A few weeks of desperate soil turning and lots of weed-pulling, we started seeing plants we couldn’t quite identify. But as many of us were (are) still learning a lot about gardening, we let them grow a bit more. In the end, some of the plants turned out to be nasturtium and borage. The nasturtium quickly took over the two beds they were in. In one bed, they were competing with a vine-like weed that we think was responsible for choking out what indigo there was at the time of transplanting. We thinned them out and pulled up all of the weeds (which took a few goes before it was completely gone) in the hopes that maybe some indigo would appear. We also thinned out the nasturtiums in the woad bed on the hopes that maybe some woad survived.


Meanwhile, over in the weld bed, weld started appearing at an alarming rate. We separated the plants in late July and they’ve continued to do well. Hopefully, we will bring some of the mature plants into the greenhouse before they die of cold, as well as start experimenting with young weld and making yellow pigment! The currant is also in this bed, and seems to be thriving alongside the weld.

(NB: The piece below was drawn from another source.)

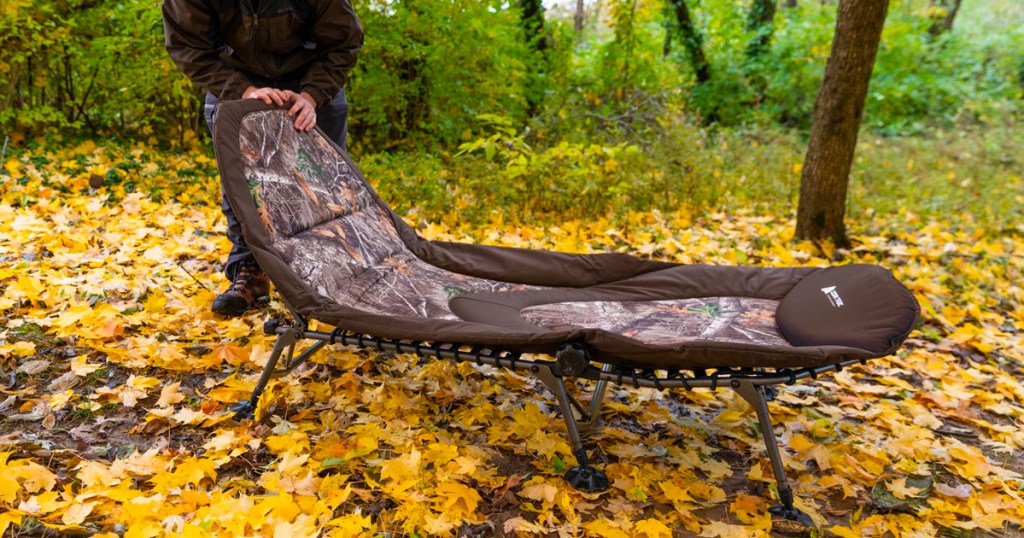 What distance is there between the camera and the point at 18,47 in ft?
18.6

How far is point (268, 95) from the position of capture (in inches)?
117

The plants we thought may be madder, but may actually just be a weed, are in the bed with the potatoes. It’s our miscellaneous/madder/no idea/potato bed. We’ve spent a few hours researching madder and what it looks like when young, as well as comparing it to pictures of young madder, mature madder, and various weeds to try to determine what it is. And we just aren’t sure. It didn’t pop up where we were expecting the madder to be, but with bird activity and heavy rains earlier in the year, we didn’t want to discount it on the off chance it is madder. Thus, we’re still contemplating the maybe madder…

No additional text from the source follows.